The New York Times: Presidents' meeting in Kazan - best opportunity to end stalemate over Nagorno Karabakh
Azerbaijan, Baku, June 13 / Trend, E.Tariverdiyeva /
A presidential-level meeting scheduled for June 25 is the best opportunity in years to end the stalemate over the territory of Nagorno Karabakh, analysts believe, The New York Times reported. The momentum has been driven in large part by President Dmitri A. Medvedev, who has invested his time and prestige in resolving the dispute, the article says.
"Russia's goal for the late-June meeting in Kazan, Russia, is to persuade the sides to agree to the set of "basic principles" negotiated more than five years ago, said Aleksandr K. Lukashevich, a spokesman for Russia's Foreign Ministry. He said international mediators - Russia, France and the United States - had clearly expressed the urgency of a deal," the article says.
The foreign ministers made no statements after the meeting on Saturday, but on Friday, a top aide to Azerbaijan's president said there were "great expectations" for the talks in Kazan. Statements from Armenia have been more circumspect, though the country's foreign minister said on Thursday that "it will be possible to achieve the expected progress if Azerbaijan also gives its consent," The New York Times reported.

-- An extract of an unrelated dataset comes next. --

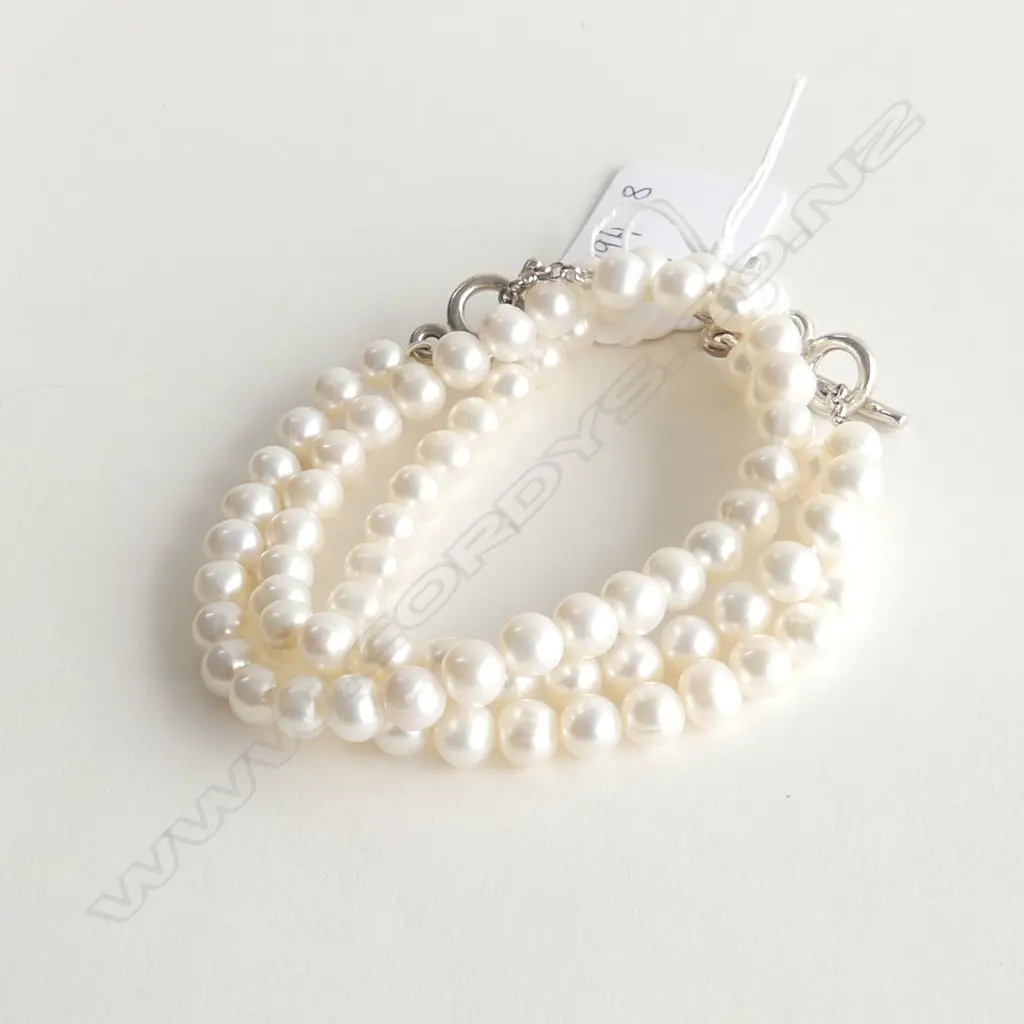 THREE FRESH WATER PEARL AND SILVER BRACELETS Image 1++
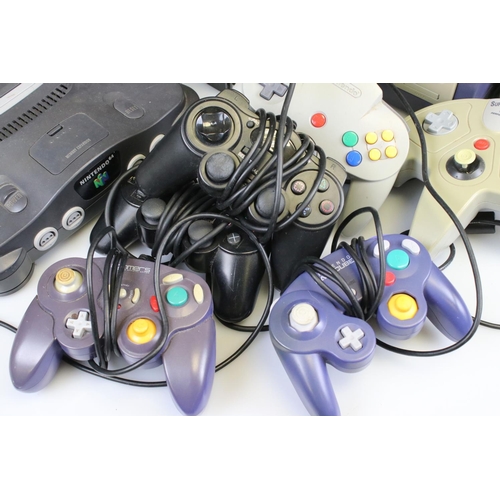 203 - Retro Gaming - Three retro consoles to include N64 with 3 x controllers (1 original, 2 custom), Nint...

The framework agreement outlined in the basic principles would allow the return of thousands of Azeris displaced during a six-year war over the territory, which ended with a cease-fire in 1994, and Armenia's president must persuade his people that ethnic Armenians living there will not be in danger, said Thomas de Waal, a Caucasus specialist at the Carnegie Endowment in Washington.
The conflict between the two South Caucasus countries began in 1988 when Armenia made territorial claims against Azerbaijan. Armenian armed forces have occupied 20 percent of Azerbaijan since 1992, including the Nagorno-Karabakh region and 7 surrounding districts.
Azerbaijan and Armenia signed a ceasefire agreement in 1994.
The co-chairs of the OSCE Minsk Group - Russia, France, and the U.S. - are currently holding the peace negotiations.
Armenia has not yet implemented the U.N. Security Council's four resolutions on the liberation of the Nagorno-Karabakh and the surrounding regions.